During the regular season, Chicago's high-octane attack averaged 33.1 shots per game, good for third in the league. It hadn't recorded more than 22 in any of the first four games against the Wild. The drop was somewhat expected – Minnesota was going to gum up everything from the neutral ice back to its net – but it also was increasingly alarming as the Wild thundered back into the series with a pair of invigorating home wins. Blackhawks coach Joel Quenneville was left to search for a combination that would create a spark – he returned veteran Kris Versteeg to the lineup for Game 5 and called on center Peter Regin to make his playoff debut – while showing lines during the morning skate on Sunday that were a mere red herring for the reconstituted groups that started later that night. After a meager six-shot first period on Sunday, one imagined Quenneville returning to a laboratory full of overflowing beakers and combustible elements. He indeed juggled everything again to start the second period, most notably returning Sharp to the top line with Toews and Marian Hossa.
That shakeup finally shook the Hawks out of their malaise.
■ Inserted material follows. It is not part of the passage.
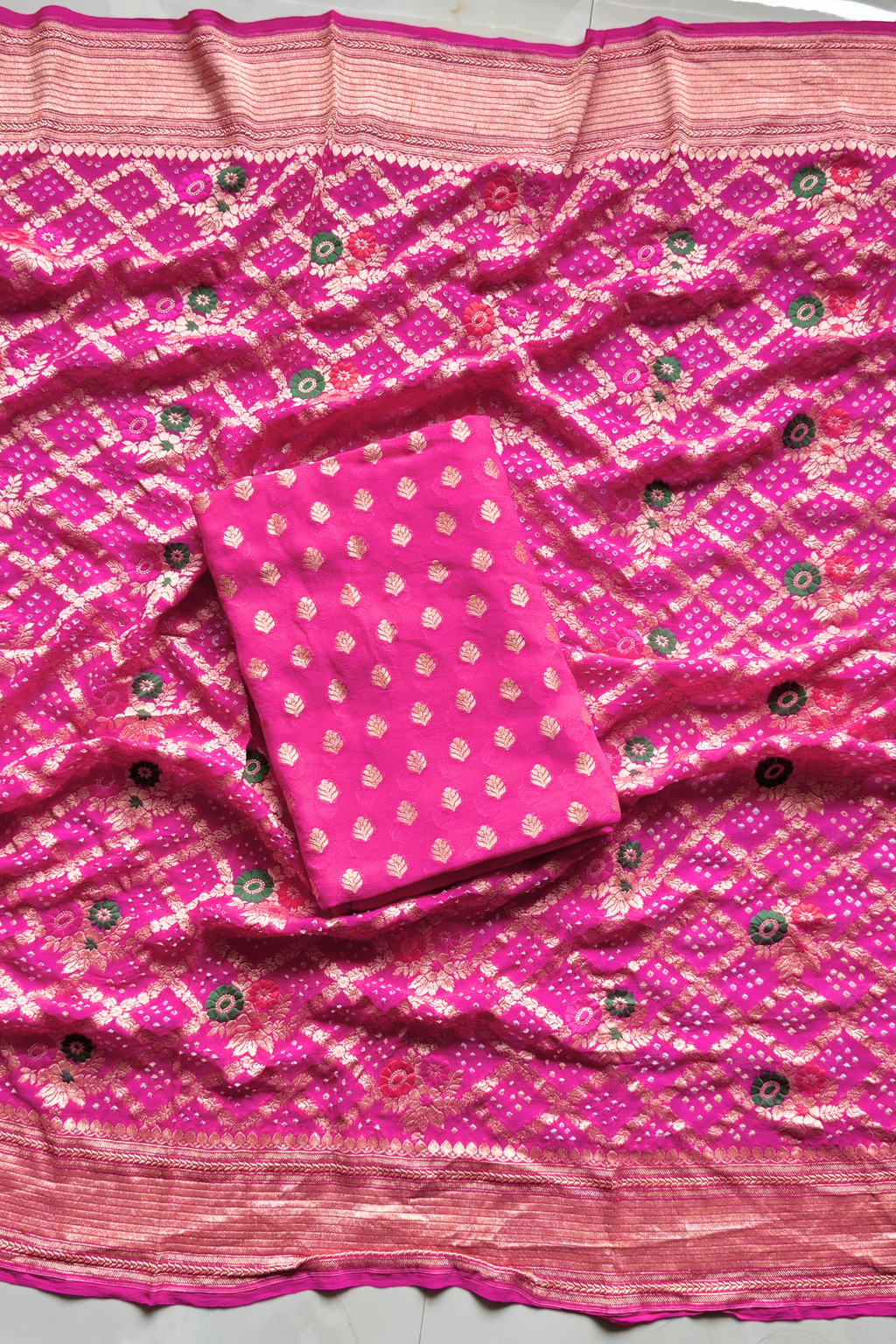 Pure khaddi georgette meenakari bandhej -  Pink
Chicago had eight shots in the first six-plus minutes of the second frame en route to a 28-shot effort overall. More importantly, the Blackhawks remained engaged and continued to press the issue even without a goal as a reward, and it was Regin who delivered on the coach's hunch that put him in the lineup in the first place. He doggedly crashed through the slot and multiple Wild defenders midway through the second period, drawing a hooking penalty on blueliner Jonas Brodin. It set up the power play that led to a Bryan Bickell score, a goal that affirmed that Chicago's plan was working. "Overall, I thought we got to the net more, we shot more pucks at the net," Regin said. "But obviously I tried to get to the net and get by the guys. Everybody across the board tried to get the pick to the net more than we did in the previous games."
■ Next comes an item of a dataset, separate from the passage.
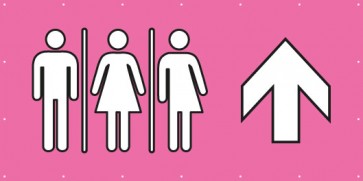 Banner Festivalbanner WC Herren · Damen · Transgender geradeaus | rosa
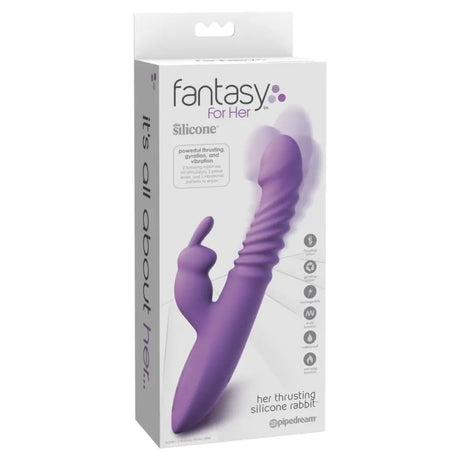Pipedream - Fantasy for Her - Thrusting Silicone Rabbit - Purple - Save 15% - Classic Vibrators United Kingdom Stoke-on-trent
Admittedly nervous before his start, Regin said he used visualization techniques to calm himself, to picture what he would do once he got the puck in the middle of the action – as he did before drawing the penalty – so he wouldn't be surprised when it happened for real.
"The mental side – you can do a lot from that," Regin said.
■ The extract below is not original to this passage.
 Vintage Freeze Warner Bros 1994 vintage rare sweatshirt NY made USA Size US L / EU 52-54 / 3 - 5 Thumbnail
As for the Wild, they failed to capitalize on Chicago's slow start. Their effort seemed fine when the Blackhawks were flinging shots from the perimeter. It was less fine when the Hawks started out-pursuing the Wild to the front of the net. "We had a pretty good start," Wild coach Mike Yeo said. "Then I thought we got a little soft in our game."
Chicago got less cute and gained control of the series again as a result. There was Brandon Saad elbowing Minnesota's Ryan Suter and taking the returning slash. There was Versteeg staring down Wild instigator Matt Cooke near the bench. There was Patrick Kane, of all people, giving a stiff bump to Wild captain Mikko Koivu near center ice just seconds after a whistle blew a play dead. And most of all, there was Toews crunching Granlund against the boards before fighting his way to his 10th career postseason game-winning score.
"Just an ugly goal," Toews said, and he and his teammates were only too happy to see it. It was apparent by Sunday that the Blackhawks weren't getting out of this Western Conference semifinal without some bruising – mental or otherwise. "I don't think there's such a thing as frustration getting to us. There are tough moments, and we overcame it and kept playing tonight. Now we're back in a great situation where we can finish this series off. We know it's going to take our best game. We know haven't played it yet, so it's perfect timing."